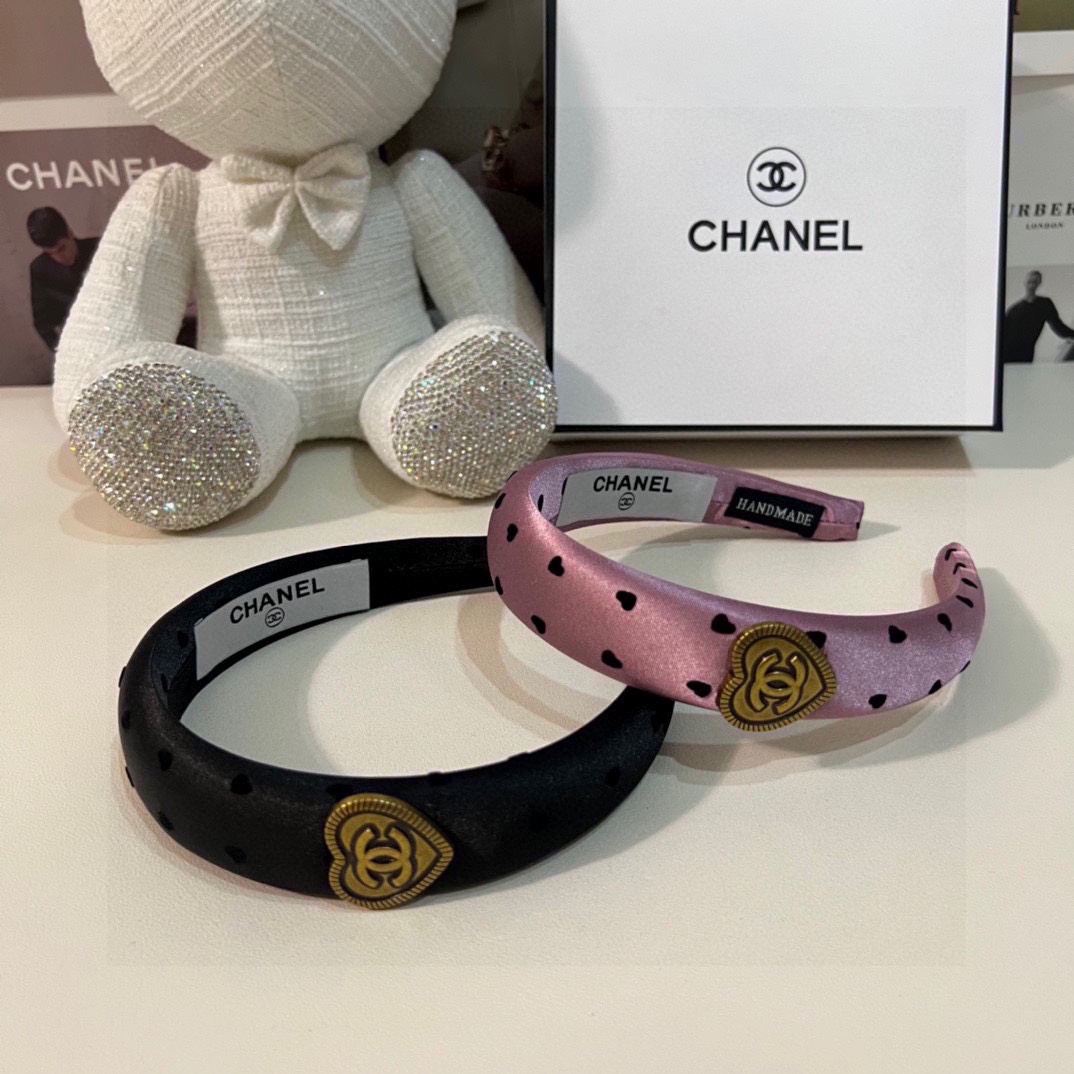 CC Hairband 0027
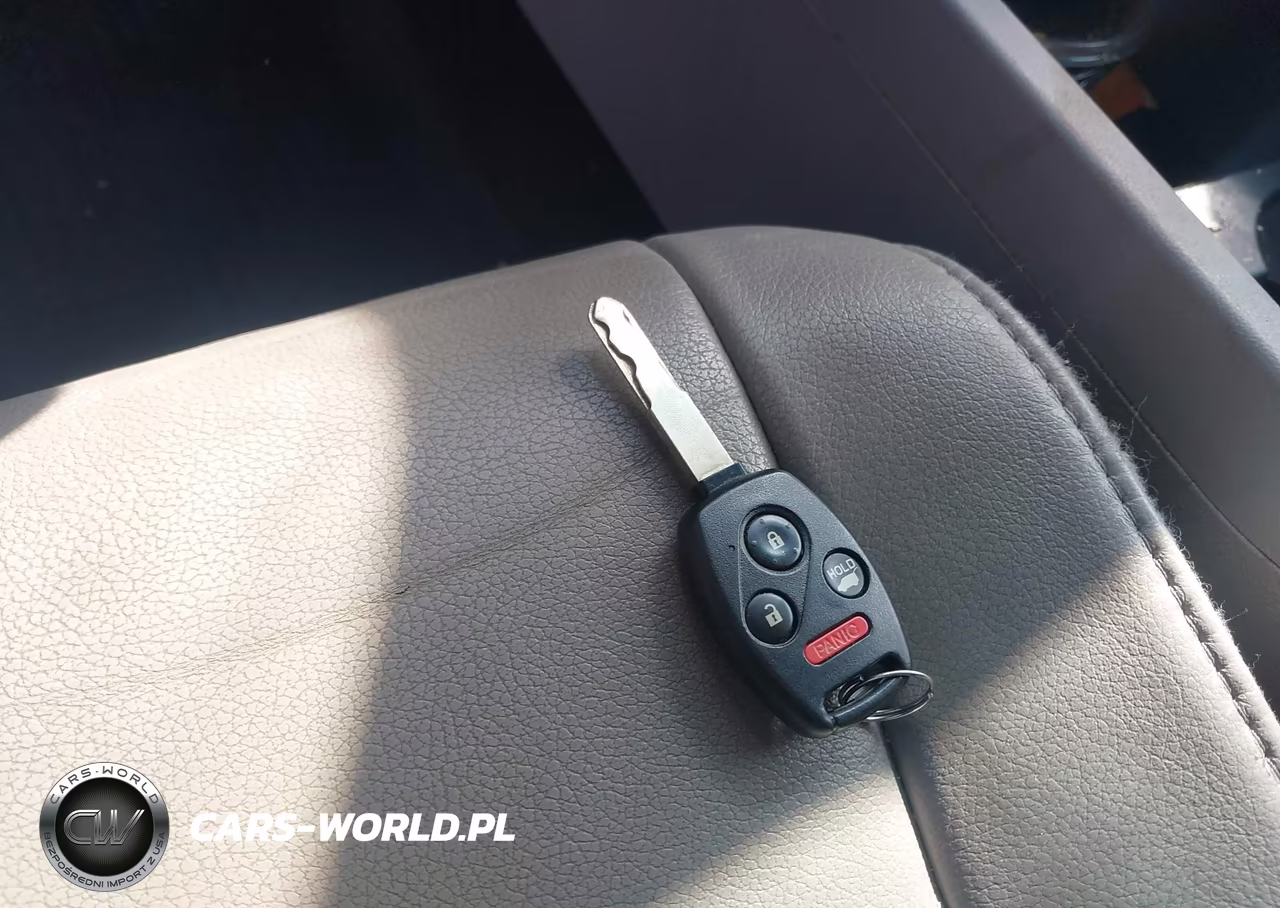 2013 Honda Pilot Ex-L VIN:5FNYF3H77DB030026 - 11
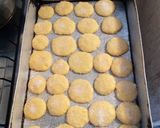 Foto del paso 6 de la receta: Galletitas dulces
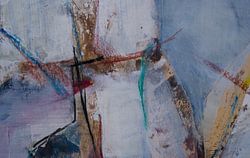 abstract collage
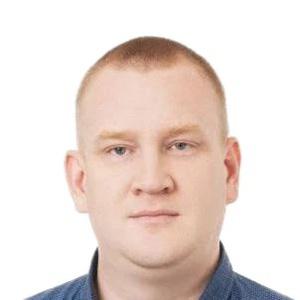 Волокитин Сергей Андреевич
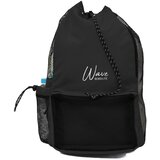 Bordlite Ranac za patike i sportsku opremu 46x30x17 cm JBDS02 crna u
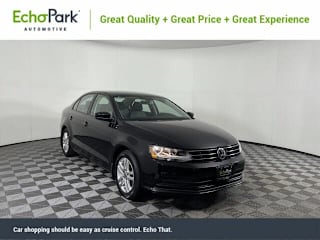 2018 Volkswagen Jetta 1.4T S 3VW2B7AJ8JM257342 2018 Volkswagen Jetta 1.4T S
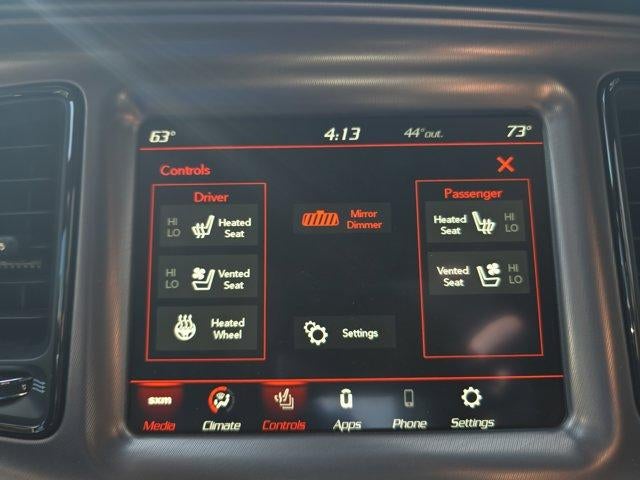 2023 Dodge Challenger R/T Scat Pack RWD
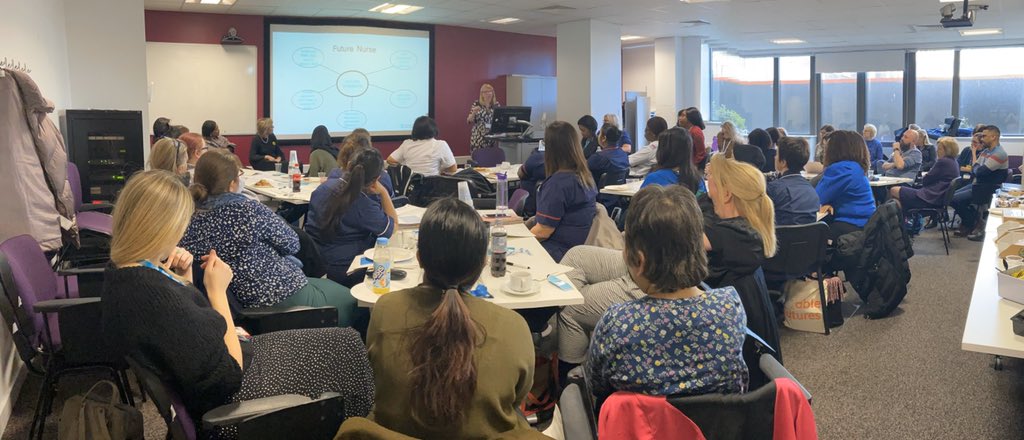 BHNurseEducationTeam (@bhnurseeducator) on Twitter photo Fantastic turnout at the official launch of the Future Nurse standards within <a href="/NHSBartsHealth/">Barts Health</a>
<a href="/LoisWhittaker7/">Lois Whittaker</a> <a href="/Barts_Ug_Nurses/">Javey Gangloo</a> <a href="/nickydriley/">Nicky Riley</a> @SharonCarty6 <a href="/HafsoaBahmed/">Hafsoa</a> <a href="/BH__Academy/">Barts Health Education Academy</a> <a href="/bh_pap/">kop</a> <a href="/PaedPDNSRLH/">Paediatric Practice Development Nurses</a> <a href="/AbbieMcFarlane/">Abbie M</a> <a href="/RKhariukNHS/">Robin Khariuk</a> <a href="/DrJulieMacLaren/">Dr Julie MacLaren</a> <a href="/Nursepinch/">Christopher Pinch 💙🏳️🌈🏳️⚧️He/Him/His</a> Fantastic turnout at the official launch of the Future Nurse standards within <a href="/NHSBartsHealth/">Barts Health</a>
<a href="/LoisWhittaker7/">Lois Whittaker</a> <a href="/Barts_Ug_Nurses/">Javey Gangloo</a> <a href="/nickydriley/">Nicky Riley</a> @SharonCarty6 <a href="/HafsoaBahmed/">Hafsoa</a> <a href="/BH__Academy/">Barts Health Education Academy</a> <a href="/bh_pap/">kop</a> <a href="/PaedPDNSRLH/">Paediatric Practice Development Nurses</a> <a href="/AbbieMcFarlane/">Abbie M</a> <a href="/RKhariukNHS/">Robin Khariuk</a> <a href="/DrJulieMacLaren/">Dr Julie MacLaren</a> <a href="/Nursepinch/">Christopher Pinch 💙🏳️🌈🏳️⚧️He/Him/His</a>
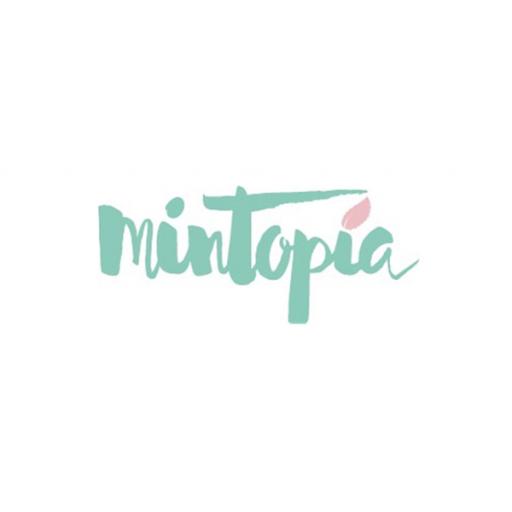 Logo de MINTOPIA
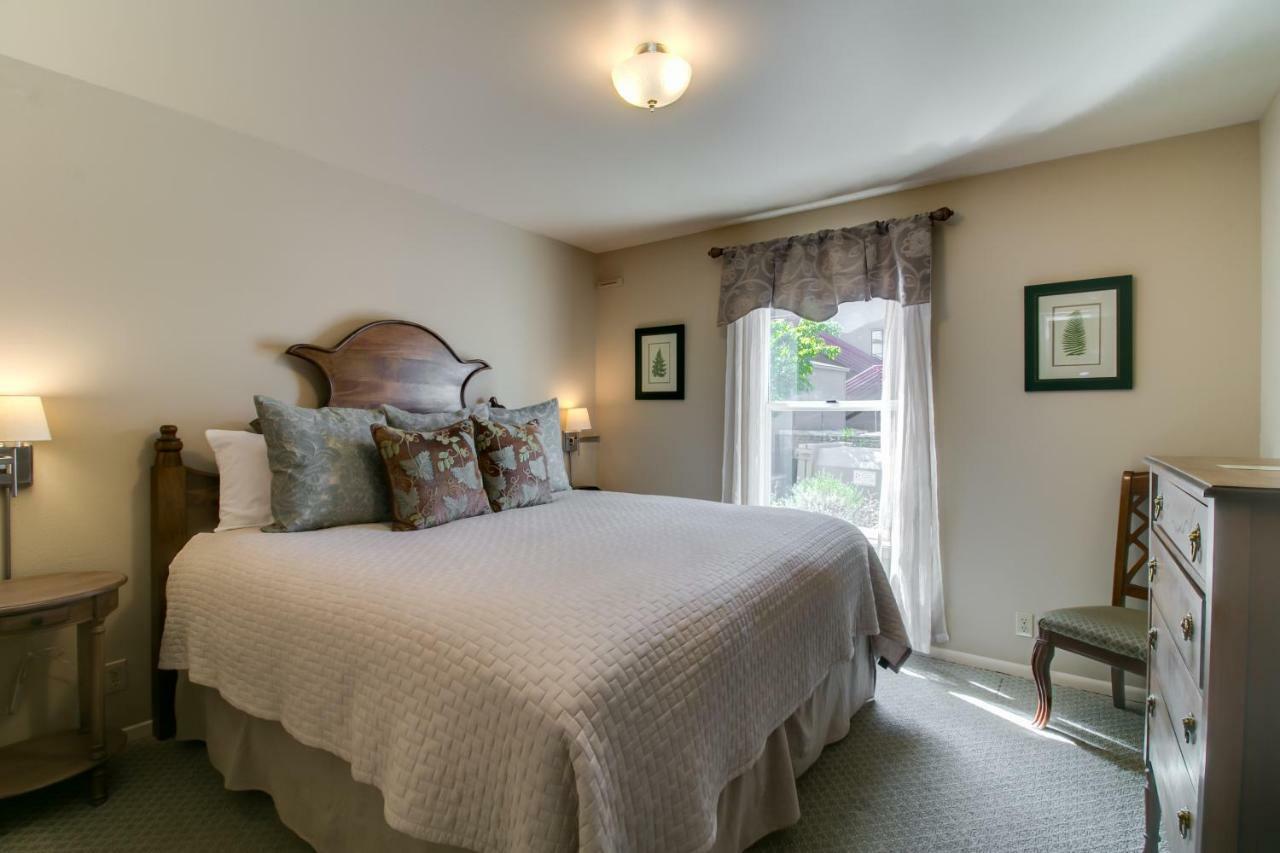 Winchester Inn Ashland Luaran gambar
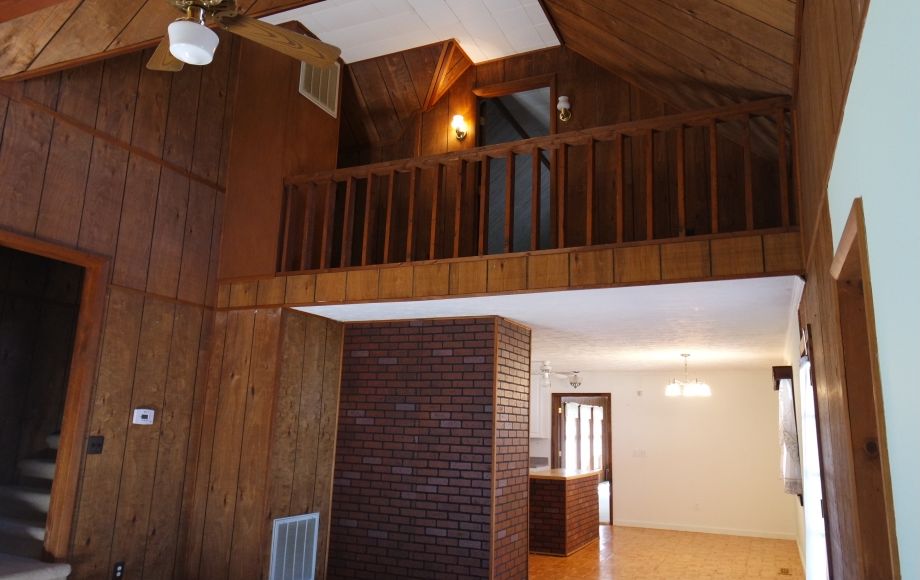 Image for 3 BR/2 BA HOME w/30’x30’ WORKSHOP on 3 +/- ACRES in ORANGE COUNTY, VA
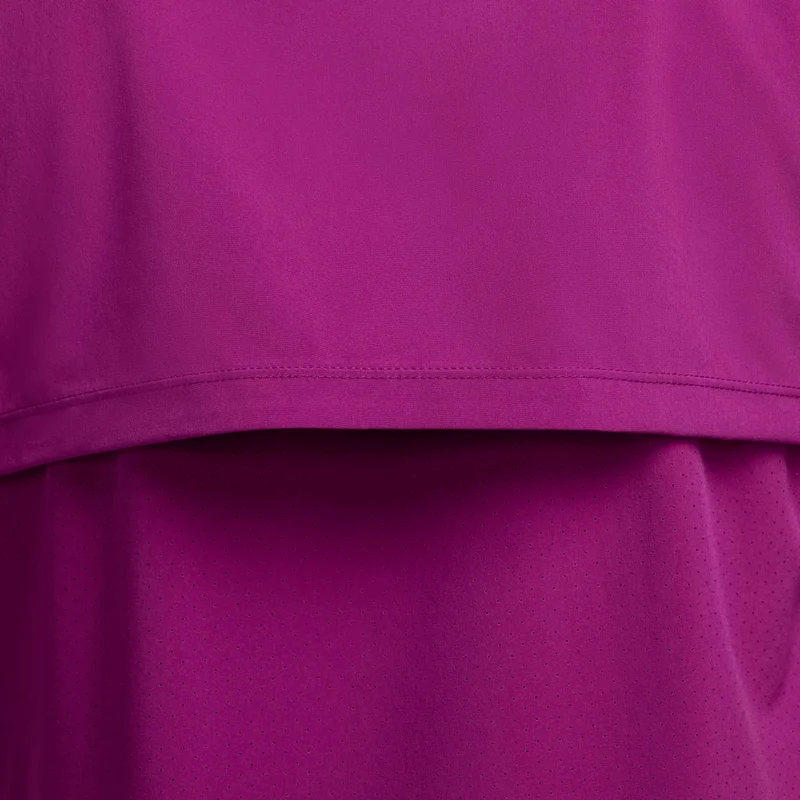 Nike Purple Men's Dri-FIT Rafa Tennis Jacket for Men | Best Price UAE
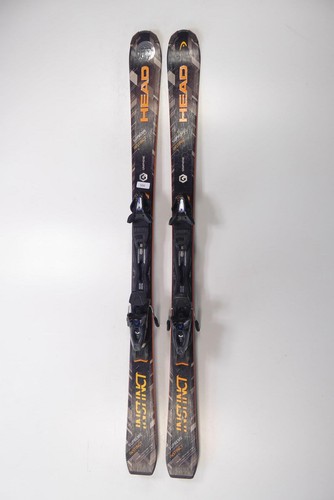 Head supreme instinct - supreme, ti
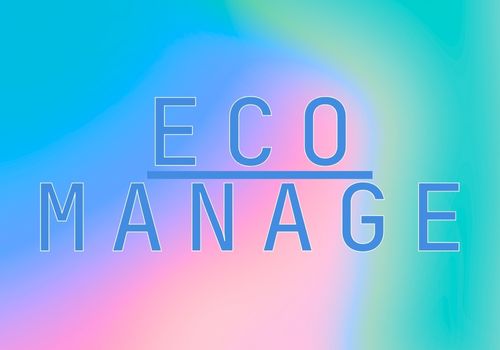 EcoManage for CBRE Project Thumbnail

The problem
Each record above needs to be copied exactly, with images left out.

Exercise answer
 CC Hairband 0027
 2013 Honda Pilot Ex-L VIN:5FNYF3H77DB030026 - 11
 Foto del paso 6 de la receta: Galletitas dulces
 abstract collage
 Волокитин Сергей Андреевич
 Bordlite Ranac za patike i sportsku opremu 46x30x17 cm JBDS02 crna u
 2018 Volkswagen Jetta 1.4T S 3VW2B7AJ8JM257342 2018 Volkswagen Jetta 1.4T S
 2023 Dodge Challenger R/T Scat Pack RWD
 BHNurseEducationTeam (@bhnurseeducator) on Twitter photo Fantastic turnout at the official launch of the Future Nurse standards within <a href="/NHSBartsHealth/">Barts Health</a>
<a href="/LoisWhittaker7/">Lois Whittaker</a> <a href="/Barts_Ug_Nurses/">Javey Gangloo</a> <a href="/nickydriley/">Nicky Riley</a> @SharonCarty6 <a href="/HafsoaBahmed/">Hafsoa</a> <a href="/BH__Academy/">Barts Health Education Academy</a> <a href="/bh_pap/">kop</a> <a href="/PaedPDNSRLH/">Paediatric Practice Development Nurses</a> <a href="/AbbieMcFarlane/">Abbie M</a> <a href="/RKhariukNHS/">Robin Khariuk</a> <a href="/DrJulieMacLaren/">Dr Julie MacLaren</a> <a href="/Nursepinch/">Christopher Pinch 💙🏳️🌈🏳️⚧️He/Him/His</a> Fantastic turnout at the official launch of the Future Nurse standards within <a href="/NHSBartsHealth/">Barts Health</a>
<a href="/LoisWhittaker7/">Lois Whittaker</a> <a href="/Barts_Ug_Nurses/">Javey Gangloo</a> <a href="/nickydriley/">Nicky Riley</a> @SharonCarty6 <a href="/HafsoaBahmed/">Hafsoa</a> <a href="/BH__Academy/">Barts Health Education Academy</a> <a href="/bh_pap/">kop</a> <a href="/PaedPDNSRLH/">Paediatric Practice Development Nurses</a> <a href="/AbbieMcFarlane/">Abbie M</a> <a href="/RKhariukNHS/">Robin Khariuk</a> <a href="/DrJulieMacLaren/">Dr Julie MacLaren</a> <a href="/Nursepinch/">Christopher Pinch 💙🏳️🌈🏳️⚧️He/Him/His</a>
 Logo de MINTOPIA
 Winchester Inn Ashland Luaran gambar
 Image for 3 BR/2 BA HOME w/30’x30’ WORKSHOP on 3 +/- ACRES in ORANGE COUNTY, VA
 Nike Purple Men's Dri-FIT Rafa Tennis Jacket for Men | Best Price UAE
 Head supreme instinct - supreme, ti
 EcoManage for CBRE Project Thumbnail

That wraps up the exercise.